**Task to complete**.
Your answer must be an exact copy of the data below, minus any pictures.

**Input data**.
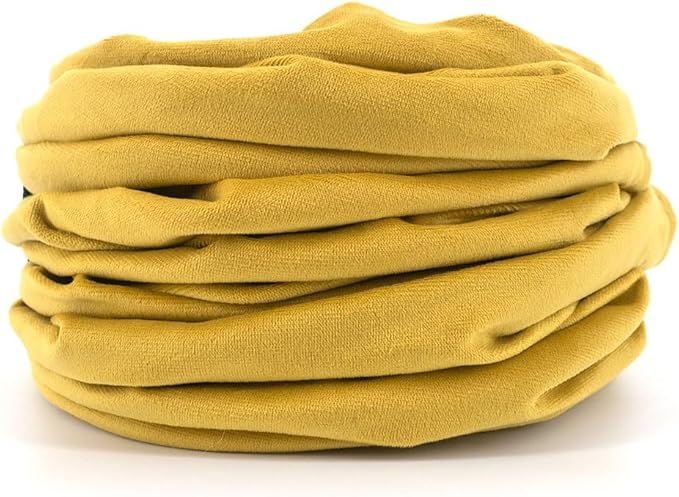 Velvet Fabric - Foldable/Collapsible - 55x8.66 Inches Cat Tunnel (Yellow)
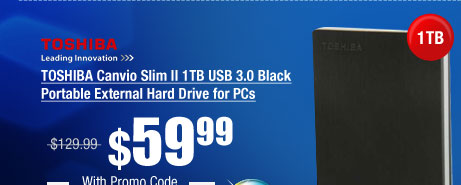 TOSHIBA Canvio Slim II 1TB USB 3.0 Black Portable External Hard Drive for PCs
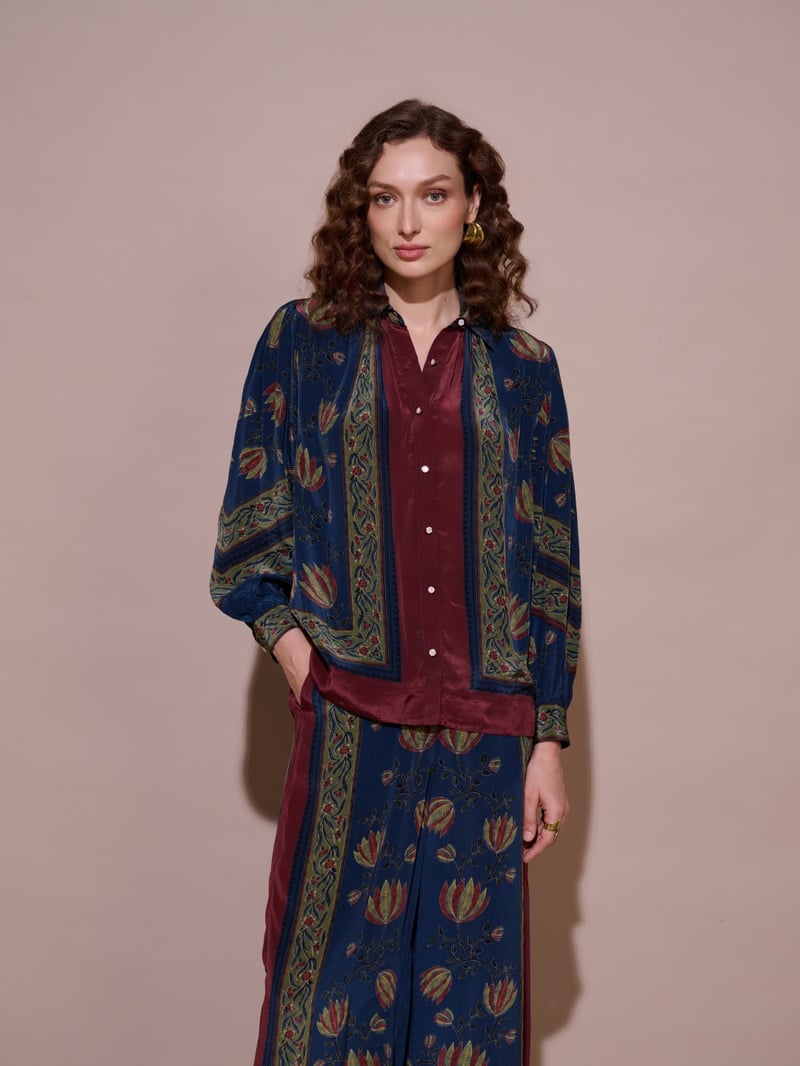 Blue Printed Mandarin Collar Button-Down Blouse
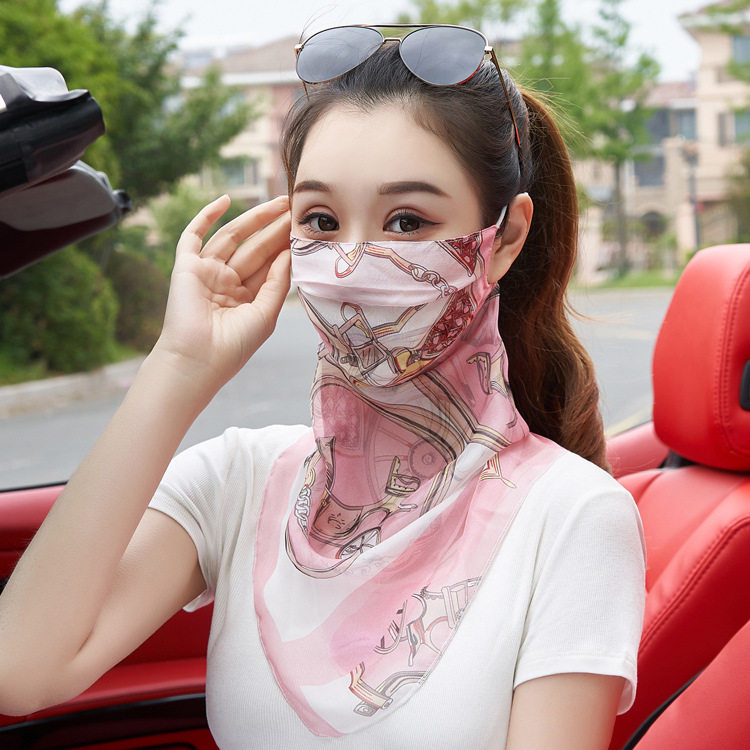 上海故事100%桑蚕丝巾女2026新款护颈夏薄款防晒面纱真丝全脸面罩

**Reply**.
 Velvet Fabric - Foldable/Collapsible - 55x8.66 Inches Cat Tunnel (Yellow)
 TOSHIBA Canvio Slim II 1TB USB 3.0 Black Portable External Hard Drive for PCs
 Blue Printed Mandarin Collar Button-Down Blouse
 上海故事100%桑蚕丝巾女2026新款护颈夏薄款防晒面纱真丝全脸面罩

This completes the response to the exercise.